[Collected data]
=== Begin Enclosure ===

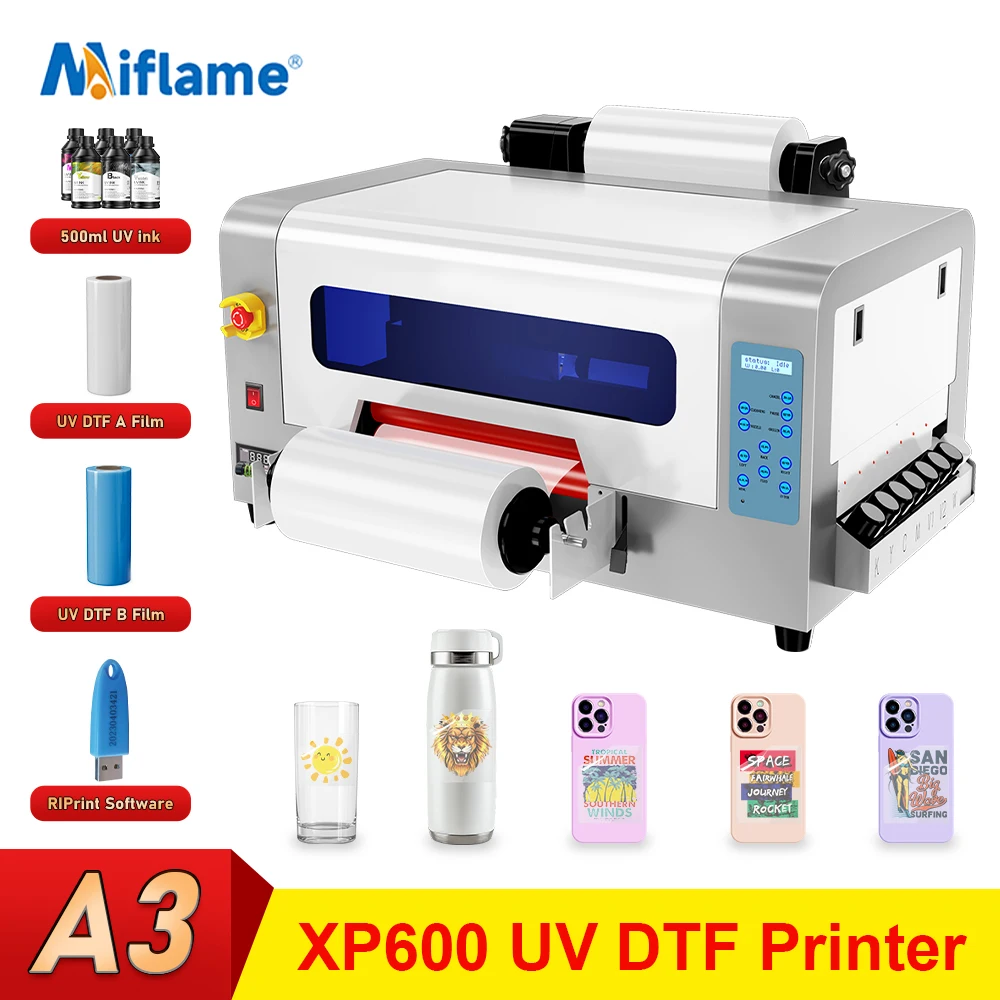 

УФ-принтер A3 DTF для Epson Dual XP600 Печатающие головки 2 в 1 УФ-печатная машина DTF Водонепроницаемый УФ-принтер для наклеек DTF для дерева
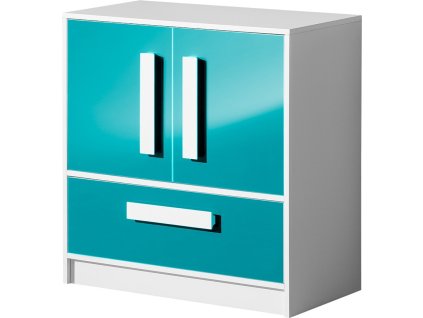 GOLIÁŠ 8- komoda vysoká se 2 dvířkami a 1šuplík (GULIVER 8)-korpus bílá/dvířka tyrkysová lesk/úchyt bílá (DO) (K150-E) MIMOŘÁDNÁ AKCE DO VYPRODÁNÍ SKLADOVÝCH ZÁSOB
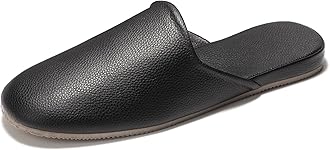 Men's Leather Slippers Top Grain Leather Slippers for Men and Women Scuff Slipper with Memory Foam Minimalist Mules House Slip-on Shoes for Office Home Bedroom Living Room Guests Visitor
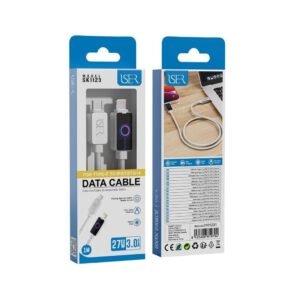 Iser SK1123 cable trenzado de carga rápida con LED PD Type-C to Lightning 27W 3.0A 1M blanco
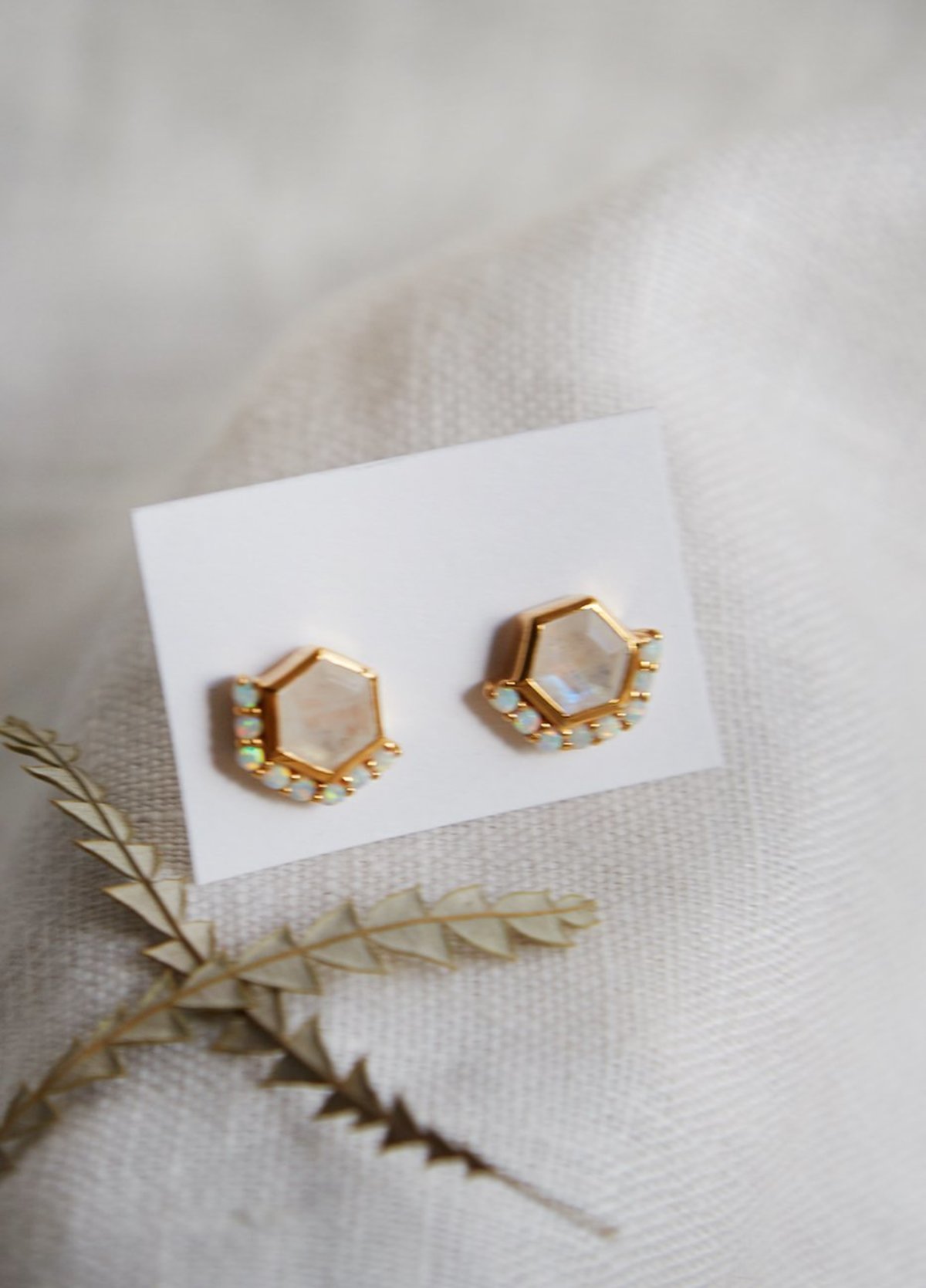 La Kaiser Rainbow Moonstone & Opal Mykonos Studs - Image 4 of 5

=== End Enclosure ===

Task instructions: Please repeat all of the data exactly, excluding images.

Task result:
УФ-принтер A3 DTF для Epson Dual XP600 Печатающие головки 2 в 1 УФ-печатная машина DTF Водонепроницаемый УФ-принтер для наклеек DTF для дерева
 GOLIÁŠ 8- komoda vysoká se 2 dvířkami a 1šuplík (GULIVER 8)-korpus bílá/dvířka tyrkysová lesk/úchyt bílá (DO) (K150-E) MIMOŘÁDNÁ AKCE DO VYPRODÁNÍ SKLADOVÝCH ZÁSOB
 Men's Leather Slippers Top Grain Leather Slippers for Men and Women Scuff Slipper with Memory Foam Minimalist Mules House Slip-on Shoes for Office Home Bedroom Living Room Guests Visitor
 Iser SK1123 cable trenzado de carga rápida con LED PD Type-C to Lightning 27W 3.0A 1M blanco
 La Kaiser Rainbow Moonstone & Opal Mykonos Studs - Image 4 of 5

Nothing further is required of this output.